Compte-rendu du concert d’Henri Texier trio au Théâtre de Fontblanche (Vitrolles, 13).


Henri Texier trio © Gérard Tissier

Pour les concerts dépassant la jauge habituelle d’un Moulin à Jazz habituellement plein à ras bord, l’association Charlie Jazz occupe la salle du théâtre de Fontblanche, à quelques pas de la précédente. C’est là qu’a été programmée la venue du trio d’Henri Texier. Le presque octogénaire contrebassiste devait présenter le répertoire de son dernier opus, « Heteroklite Lockdown », conçu comme son nom l’indique pendant le confinement de 2020, avec son fils Sébastien Texier au saxophone et à la clarinette, et Gautier Garrigue à la batterie.

Ce soir-là, Texier-fils, victime d’un accident, n’a pas pu venir. Qu’à cela ne tienne, Texier-père a fait appel à Sylvain Rifflet pour le remplacer. Le saxophoniste est d’ailleurs invité par le contrebassiste pour quelques concerts en quintet depuis le début de l’hiver. Il a donc déjà quelque familiarité avec l’univers musical de l’un des artistes de jazz les plus populaires des scènes hexagonales. Pour le détendre un peu, le leader le chambre gentiment en rappelant leur différence d’âge (une trentaine d’années les sépare). Il en faut plus que ça pour intimider Rifflet, qui, nourri de ses expérimentations singulières, n’hésitera pas à fourbir des basses en slap-tongue au père Texier pendant que celui-ci prend l’un de ces solos poétiques dont il a le secret (doubles cordes, pentatoniques, fulgurances free), le rejoignant sur des motifs musicaux qui s’enlacent dans des volutes imagées, titillant la justesse des notes jusqu’à la lie (« Hungry man », un blues composé à l’origine pour accompagner « La Grasse Matinée » de Prévert).

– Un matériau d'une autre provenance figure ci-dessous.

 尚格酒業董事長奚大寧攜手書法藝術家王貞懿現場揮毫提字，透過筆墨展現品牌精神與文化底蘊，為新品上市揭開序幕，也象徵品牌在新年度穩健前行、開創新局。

Sylvain Rifflet © Gérard Tissier

En expert de Stan Getz qu’il est, le saxophoniste livrera, sur « Fertile danse » (une des premières compositions du leader, présente sur son dernier album), un chorus que n’aurait pas renié celui que l’on surnommait « The Sound ». On croirait entendre un solo sur un de ces lives édités par Pacific dans les années cinquante, quand Getz faisait du be-bop avec Chet Baker notamment. Comme une sorte de rituel chamanique, dans lequel le swing profond de la contrebasse et de la batterie contribue à la transe collective.
Vénérable totem vivant d’un jazz européen libéré de ses origines afro-américaines tellement il les a intégrées, Henri Texier sait plus que personne mettre en valeur ses compagnons de jeu, donnant par exemple, sur « Oh Elvin », l’occasion à Gautier Garrigue, son compagnon de jeu depuis plus de quinze ans, de déployer tout son talent percussif.

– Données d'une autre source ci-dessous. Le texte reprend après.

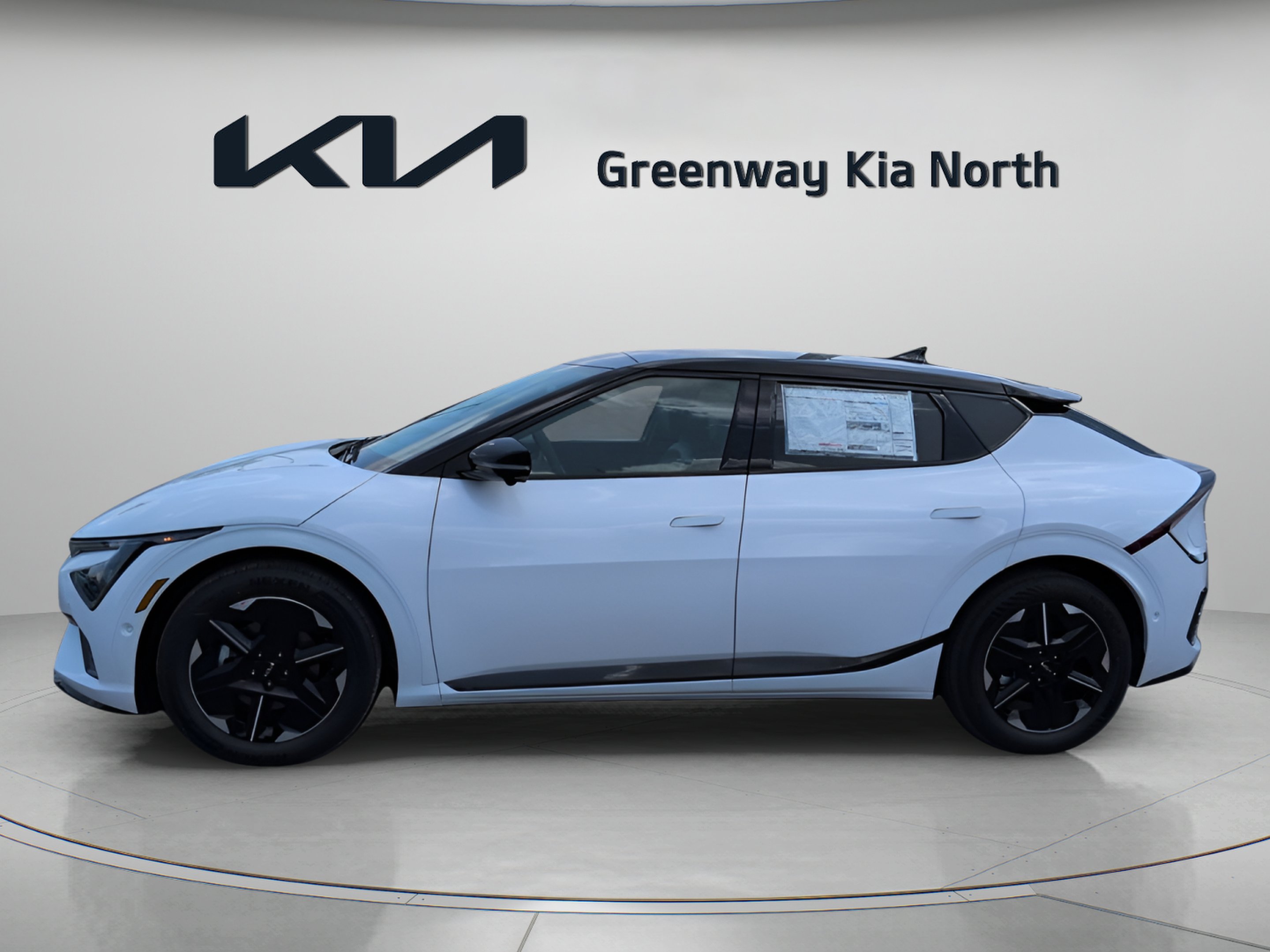 New 2026 Glacial White Pearl / Black Ro Kia GT-LINE image 5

Gautier Garrigue © Gérard Tissier

Lors du second set, le batteur dévoilera davantage son appétence pour les mélodies sur la batterie, en particulier lorsqu’il jouera le thème de « Laguna Laïta », une composition en hommage au fleuve breton éponyme. Le sens du métier du leader l’a conduit à aligner, ce soir-là, des mélodies particulièrement lyriques, comme « Cineccità » : cette composition de son fils en hommage au cinéma italien, aux airs de ritournelle immédiatement reconnaissable, est l’occasion pour Rifflet de s’exprimer joliment à la clarinette - cette dernière n’est peut-être pas son instrument de prédilection mais il met tout son cœur dans l’interprétation du thème et dans un solo des plus émouvants. L’interplay entre les musiciens passe principalement par leurs mains, qui semblent danser ensemble, tissant cette musique à la fois savante et populaire. Le set atteint des sommets poignants avec la marche écolo « Don’t Buy Ivory Anymore » mais aussi avec la ballade « Il y a des vautours au Cambodge ? », composée pour le film Holy Lola de Bertrand Tavernier.

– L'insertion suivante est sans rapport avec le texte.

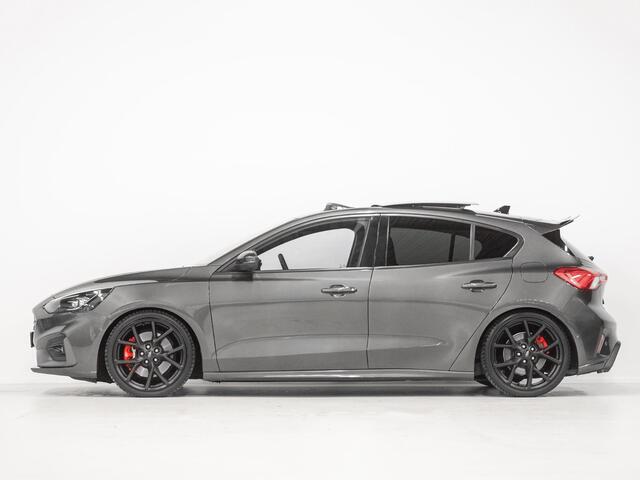 Ford FOCUS 2.3 EcoBoost ST-3 Pano Virtual Milltek B&O ACC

Henri Texier © Gérard Tissier

Fin de second set free obligée avec « Sacrifice », une pièce débordant de rage contenue, sur laquelle Texier explore le moindre recoin des possibilités sonores qu’offre sa contrebasse, psalmodiant un chant aux accents enfantins dont les contrebassistes ont le secret (comme si le fait d’être pourvoyeur de fréquences basses appelait une voix d’avant la mue), allant jusqu’à utiliser le pouce de sa main gauche sur la touche comme d’un élément percussif (un peu de virtuosité ne peut pas faire de mal), se saisissant d’une baguette pour tapoter ses cordes lors d’un duo avec un Garrigue survolté, pendant que Rifflet passe son ténor à la moulinette d’une loop-station pour nous projeter dans des univers parallèles. Le rappel convie à la danse avec un calypso chaud comme la braise !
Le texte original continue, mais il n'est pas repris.